Para Mazziotti, cantar é interpretação, entender a história que a música tem para contar. “ Eu não gostava da Bethânia, hoje adoro. Ela é uma ‘bête de scène’, uma louca no palco”, disse o artista que veio a apreciar a cantora baiana levado pelo amadurecimento.

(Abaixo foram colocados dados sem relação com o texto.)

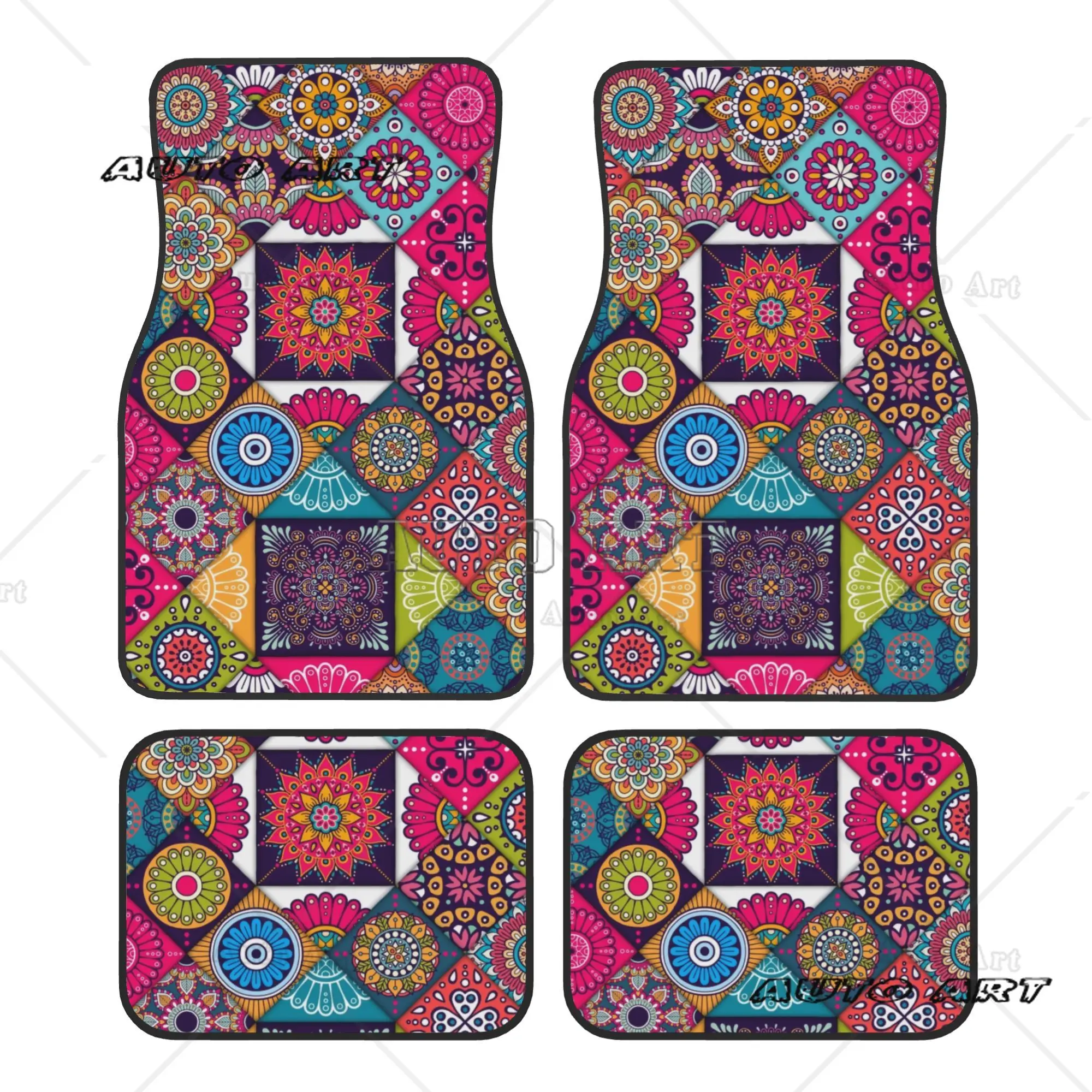 Traditional African Ethnic Tribal Ankara Car Floor Mats of 4 Pieces Crystal Velvet Universal Car Front Rear Carpets Foot Mats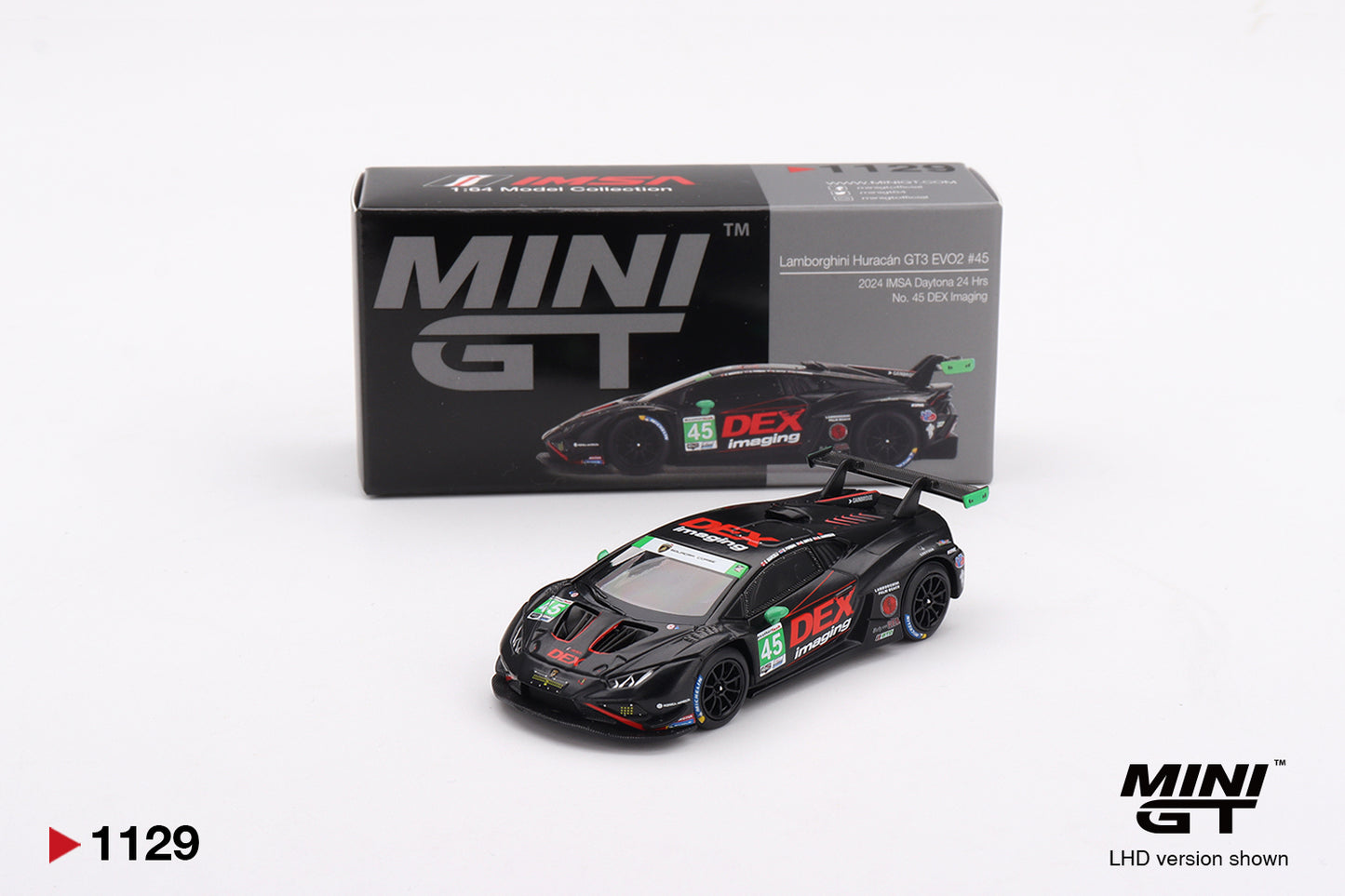 Mini GT #1129 -Lamborghini Huracán GT3 EVO2 #45 No. 45 DEX Imaging  2024 IMSA Daytona 24 Hrs | 1:64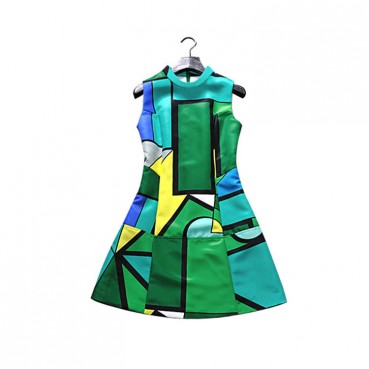 European and American summer new dresses Digital print stand-up collar sleeveless women's A-line dress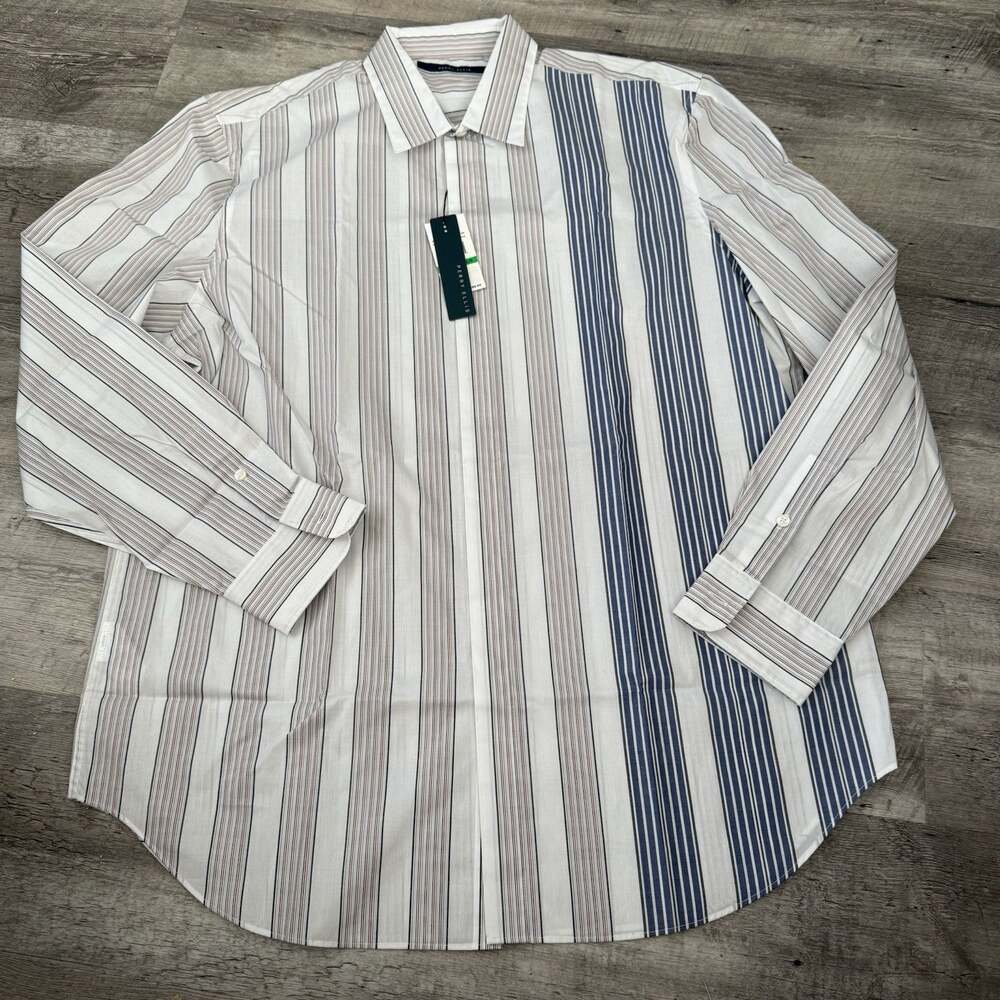 Perry Ellis Shirt Mens Large Blue Vertical Striped Long Sleeve 100% Cotton NEW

O professor ouviu “Piano, Voz e Jobim”, em uma das salas da instituição onde ensina. O disco traz Augusto Martins (voz) e Paulo Malaguti Pauleira (piano e arranjos, exceto na faixa seis, “Amor em Paz”, com Ivan Lins ao piano, cantando e arranjando), foi gravado, mixado e masterizado por Carlos Fuchs, no Estúdio Tenda da Raposa. As fotos de capa, contracapa e ficha técnica são de Alex Krusemark; fotos do encarte, Augusto Martins e Felipe Varanda; design gráfico, David Lima; e a produção fonográfica, de Augusto Martins.

Leia, a seguir, as impressões de Mazziotti sobre “Piano, Voz e Jobim”.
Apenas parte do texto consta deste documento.